On the one hand, Swiss economist Mats Karlsson, current Vice President of the World Bank; American economist at the Columbia University Jeffrey Sachs; Chilean economist Eduardo Anninat, current IMF Deputy Managing Director; British politician Chris Patten, Foreign Relations Commissioner from 1979 to 1992, Rufus Yerxa, Deputy Director-General of World Trade Organization and Czech Jan Muhlfeit, Middle East and Africa Vice President for Microsoft Corporation, spoke about the reality of the globalized world, which is an undeniable fact.

On the other hand, figures such as Kenyan environmentalist activist Wahu Kaara, who is part of an international organization which proposes to forgive the debt of developing countries; Palestinian Ahmed Kamel, Al-Jazeera Chief for Europe; Indian activist Anuradha Mittal, who runs the ‘Food First’ organization in her country; Salvadoran ecological activist Ricardo Navarro; writer, journalist and activist for the rights of women in Pakistan, all voiced their opposition to the globalized world which deepens injustices and differences between the developed and developing worlds and within the societies in each of them.

The conflict between globalization and anti-globalization seems to have replaced capitalism versus communism with a new name.

Those in favor of the globalization point to how some non-developed world regions of the ‘80s such as China and Central Europe, have today achieved growth and well-being standards much higher than in the pre-globalization stage.

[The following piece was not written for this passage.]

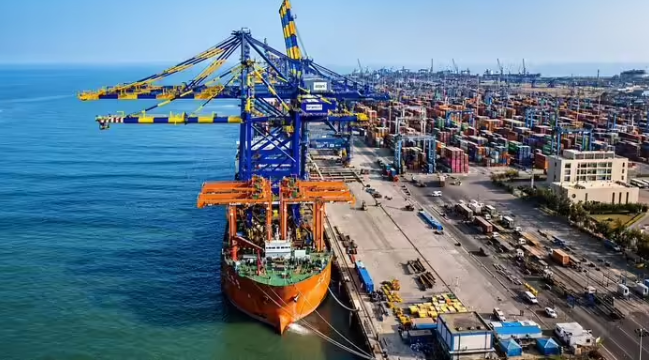 Adani Ports Mega Deal: अडानी ग्रुप ने 13,000 करोड़ में बेची बड़ी हिस्सेदारी, शेयर बाजार में आई रौनक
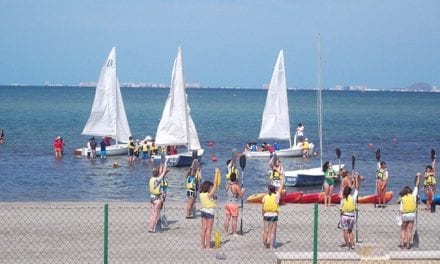 Música, playa y deportes náuticos para los jóvenes en el campamento ‘Arbolar Beach Rock’ a orillas del Mar Menor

Those against globalization argue that violence in the world escalates as the gaps and divides broaden up, adding that the rich are increasingly richer and the poor are increasingly poorer in terms of regions, countries and people. Environmental destruction is deemed as the result of an uncontrolled globalization that fuels a destructive exploitation of human resources for marketable purposes.

Neutral stances were shown by former President of South Affrica Frederik Willem De Klerk; American politician Robert B. Reich, who served as Labor Secretary under the Clinton administration; Japanese philanthropist Yohei Sasakawa, who was chairman of the ‘Japanese Foundation’; French economist Paul Tran Van Thinh -born in Vietnam- Director of the ‘International Conference on Trade’. These experts spoke about intermediate alternatives seeking to reach compromise and build bridges.

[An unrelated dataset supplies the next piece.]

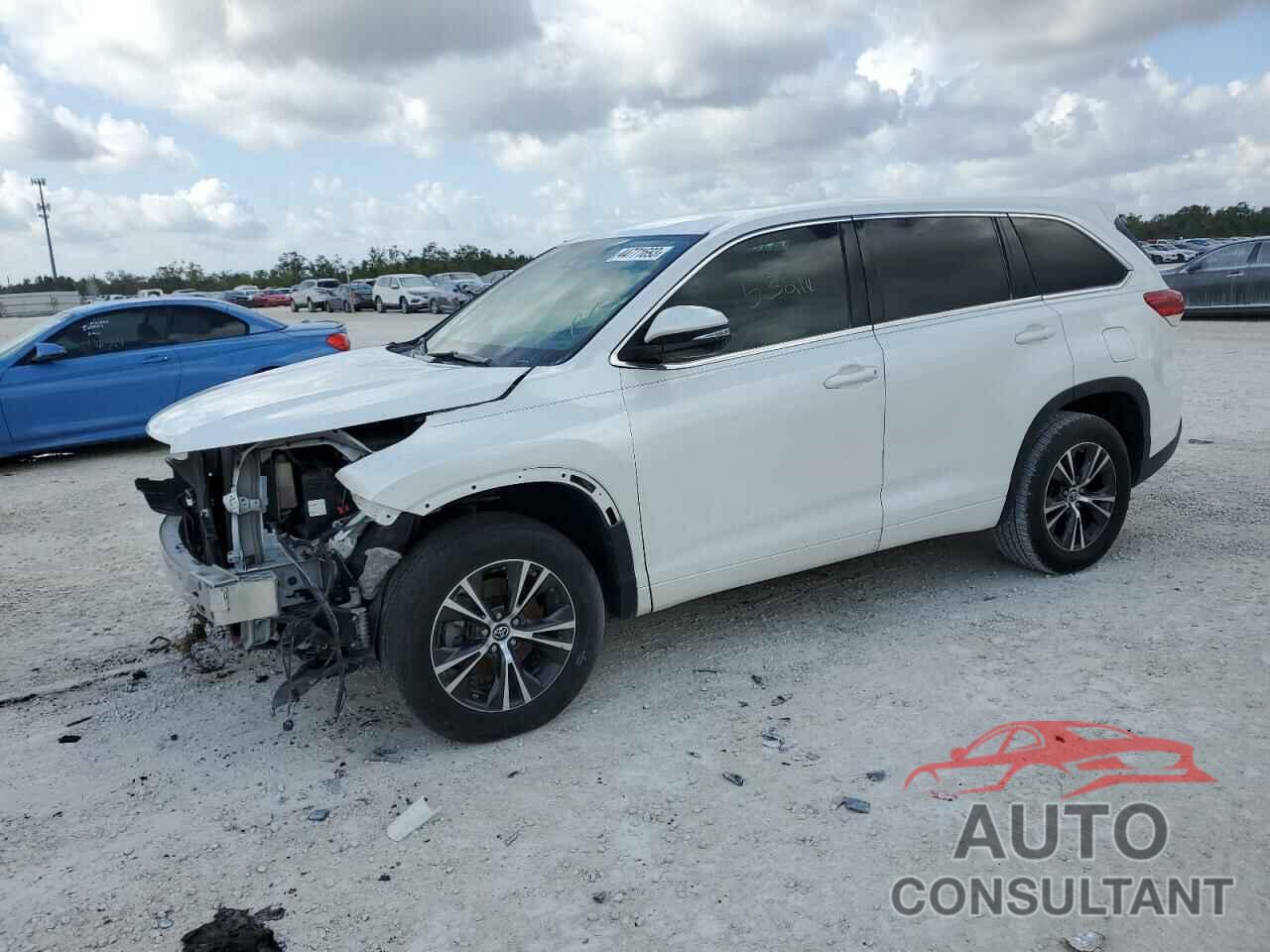 TOYOTA HIGHLANDER 2018 - 5TDZZRFH6JS235662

Among the forty participants there were two Argentinians. ARI congressman Mario Cafiero and me. The former stated that borrowing countries should be allowed to pay their debt through their local currencies or products. I raised the issue that both debt and inequality affecting developing countries require economic growth as the necessary condition to overcome those problems.

For his part, in the opening speech President Havel said that when the IMF-World Bank meeting was held in the Czech capital, he had already warned about ‘some effects or parallel signs of the so-called globalization’ that are prompting criticism about the ‘harmful consequences it may bring about’.

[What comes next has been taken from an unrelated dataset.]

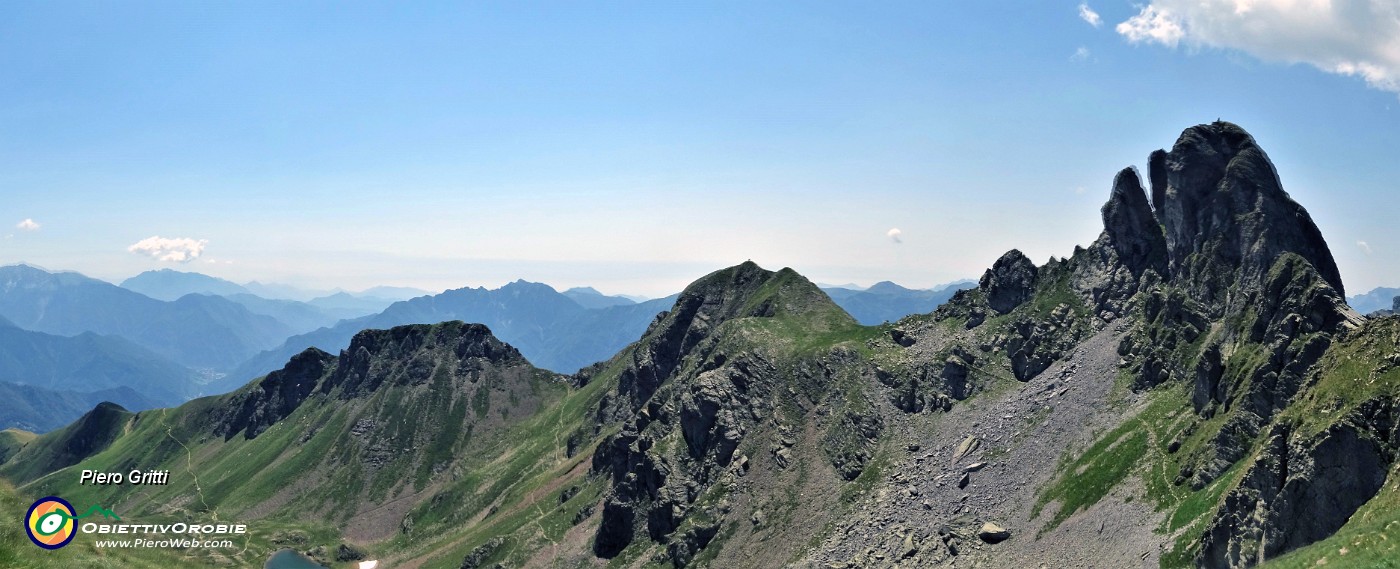 76 Scendiamo ai Laghi di Ponteranica con vista in Valletto. Tribortoi, Bocchetta e Cima Triomen.jpg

The conclusions drawn at the forum after a two-day discussion aim at obtaining support from developed countries to foster reforms that close the gap among countries, fostering the creation of local media network to reduce the divide in the information field, encourage the values of transparency, honesty, trust and democracy in governments, NGOs and societies and create new conditions that make it possible to pay sovereign debts on the part of developing countries.

These are general objectives and basic consensus and not programs and policies.

There is the feeling that the gap exists, that is is real. Not only is it found in quantitative, economic, social and educational indicators but also in the perception, construction and appraisal of the global phenomena on the outset of the new millennium.

Thus the need to build bridges is reinforced as President Václav Havel, scheduled to leave power in 2003 after 13 years in office, having led his country from communism to democracy, the bloodless and widely accepted division of the Republic of Checoslovakia into two independent countries, the democratic consolidation and the transition to capitalism, seems willing as former-president to act as the ‘bridge’ that narrows the gaps of a world that seems threatened by the ever greater global risks and dangers.